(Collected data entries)
BEGIN

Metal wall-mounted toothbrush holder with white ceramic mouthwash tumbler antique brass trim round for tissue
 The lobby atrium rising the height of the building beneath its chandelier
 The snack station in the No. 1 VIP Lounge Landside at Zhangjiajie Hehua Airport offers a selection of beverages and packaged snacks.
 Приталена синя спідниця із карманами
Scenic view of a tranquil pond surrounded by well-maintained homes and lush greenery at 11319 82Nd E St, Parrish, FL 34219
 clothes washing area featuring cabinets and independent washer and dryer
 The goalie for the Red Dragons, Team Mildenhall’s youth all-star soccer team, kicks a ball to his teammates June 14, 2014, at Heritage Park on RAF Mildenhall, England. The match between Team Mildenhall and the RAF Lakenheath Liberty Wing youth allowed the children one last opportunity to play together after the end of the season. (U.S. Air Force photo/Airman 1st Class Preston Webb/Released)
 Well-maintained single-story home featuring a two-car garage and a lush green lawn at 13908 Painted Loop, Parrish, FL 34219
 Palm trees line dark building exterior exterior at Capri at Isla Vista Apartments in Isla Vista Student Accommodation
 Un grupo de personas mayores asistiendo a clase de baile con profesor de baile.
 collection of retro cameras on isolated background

END

Problem description> The line containing "The snack station" marks the start; retype it and each line after it through the end of the records above, exactly.

Answer>
 The snack station in the No. 1 VIP Lounge Landside at Zhangjiajie Hehua Airport offers a selection of beverages and packaged snacks.
 Приталена синя спідниця із карманами
Scenic view of a tranquil pond surrounded by well-maintained homes and lush greenery at 11319 82Nd E St, Parrish, FL 34219
 clothes washing area featuring cabinets and independent washer and dryer
 The goalie for the Red Dragons, Team Mildenhall’s youth all-star soccer team, kicks a ball to his teammates June 14, 2014, at Heritage Park on RAF Mildenhall, England. The match between Team Mildenhall and the RAF Lakenheath Liberty Wing youth allowed the children one last opportunity to play together after the end of the season. (U.S. Air Force photo/Airman 1st Class Preston Webb/Released)
 Well-maintained single-story home featuring a two-car garage and a lush green lawn at 13908 Painted Loop, Parrish, FL 34219
 Palm trees line dark building exterior exterior at Capri at Isla Vista Apartments in Isla Vista Student Accommodation
 Un grupo de personas mayores asistiendo a clase de baile con profesor de baile.
 collection of retro cameras on isolated background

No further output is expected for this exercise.